If further you wish to learn the interpretation of the Apostles’ names, know that Peter is explained as meaning “loosing,” or “knowing:” Andrew as “comely strength,” or “answering:” James as “one who takes labour by the heel:” John, “the grace of the Lord:” Matthew, “given:” Philip, “the opening of the hands,” or “the mouth of a lamp:” Bartholomew, “the son suspending water:” Thomas, an “abyss,” or “a twin:” James, the son of Alphaeus, “the supplanting |101 “of the passage of life:” Judas, “thanksgiving:” and Simon, “obedience.” 28

6:20. Blessed are ye poor: for yours is the kingdom of God.

[From the Syriac] Those are the Saviour’s words, when directing His disciples into the newness of the Gospel life after their appointment to the apostolate. But we must see of what poor it is that He speaks such great things: for in the Gospel according to Matthew it is written, “Blessed are the poor in spirit; for theirs is the kingdom of heaven:” wishing us to understand by the poor in spirit the man who entertains lowly thoughts of himself, and whoso mind, so to speak, is closely reefed, and hi3 heart gentle, and ready to yield, and entirely free from the guilt of pride.
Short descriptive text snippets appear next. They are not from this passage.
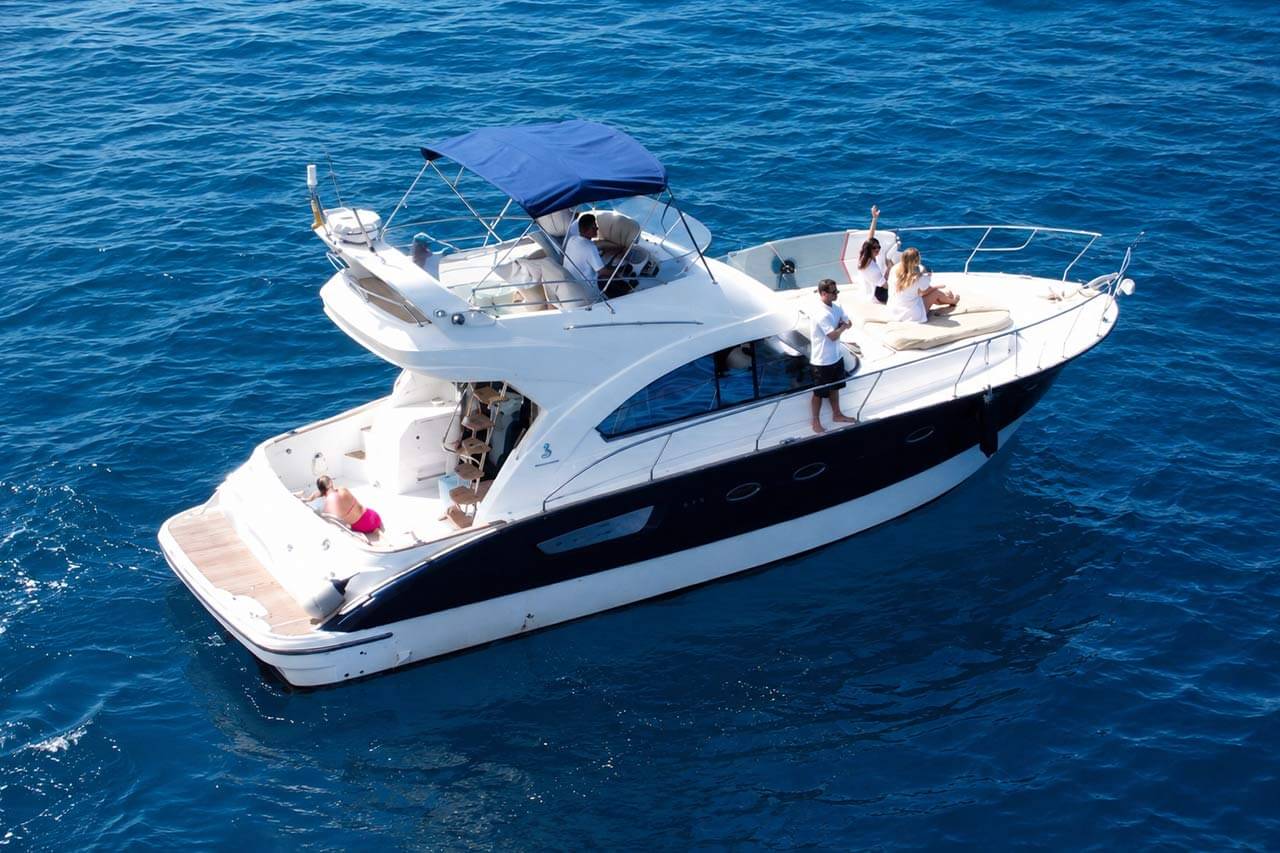 The No Worries private yacht on the water in Tenerife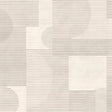 Geo Rhythm White geometric textured wallpaper roll and room scene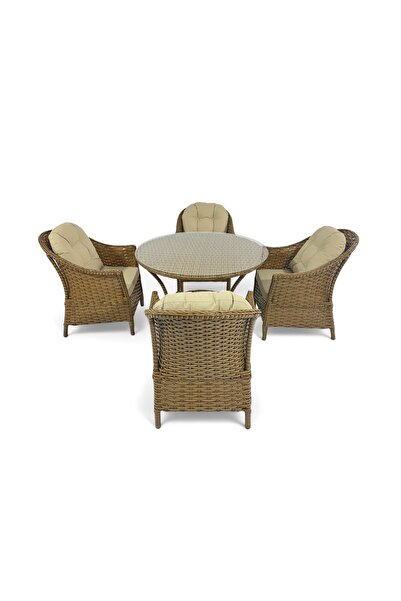 Vivense ARAS RATTAN BAHÇE YEMEK MASASI TAKIMI, 4 KİŞİLİK, 110 CM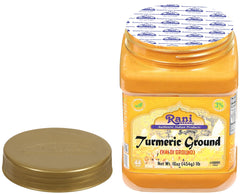 Rani turmeric powder close-up highlighting fine texture and vibrant color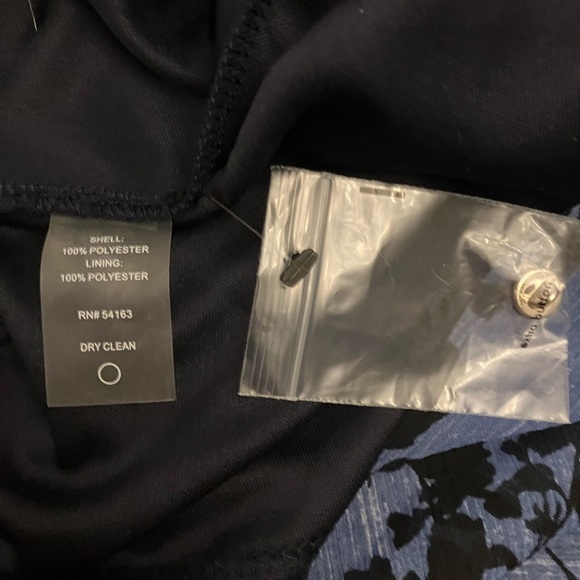 Blue and Black Floral Shift Dress ON SALE - Picture 4 of 7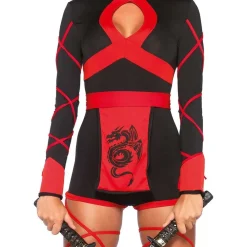 Leg Avenue Europe Ninja Sort/Rød Kostume - Udklædningskostumer|Kostumetema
[From Mai.] Such a one is worthy of admiration, and the friend of God; yea, He even said by one of the holy prophets; “Upon whom will I look but upon the humble and peaceable, and that trembleth at my words?” And the prophet David also said, that “a contrite and humbled heart God will not set at nought.” Moreover, the Saviour Himself also says, “Learn of Me, for I am meek and humble in heart.” In the lessons, however, now set before us, He says, that the poor shall be blessed, without the addition of its being in spirit. But the Evangelists so speak, not as contradicting one another, but as dividing oftentimes the narrative among them: and at one time they recapitulate the same particulars, and at another that which has been omitted by one, another includes in his narrative, that nothing essential for their benefit may be hidden from those who believe on Christ.—-[From the Syriac.] It seems likely, therefore, that He here means by the poor, whom He pronounces blessed, such as care not for wealth, and are superior to covetousness, and despisers of base gifts, and of a disposition free from the love of money, and who set no value upon the ostentatious display of riches. |103

And so the most wise Paul manifestly guides us into the best doctrines, where he says, “Let your disposition be free from the love of money, being contented with what it has:” and to this he has added, that “having nourishment and the means of shelter, we will be therewith content.” For it was necessary, absolutely necessary, for those whose business it would be to proclaim the saving message of the Gospel to have a mind careless about wealth, and occupied solely with the desire of better things. The argument, however, does not affect all whose means are abundant, but those only whose desire is set upon riches: and who are these? All to whom our Saviour’s words apply: “Store not up for yourselves treasures upon the earth.”

6:21. Blessed are ye that hunger now; for ye shall be filled.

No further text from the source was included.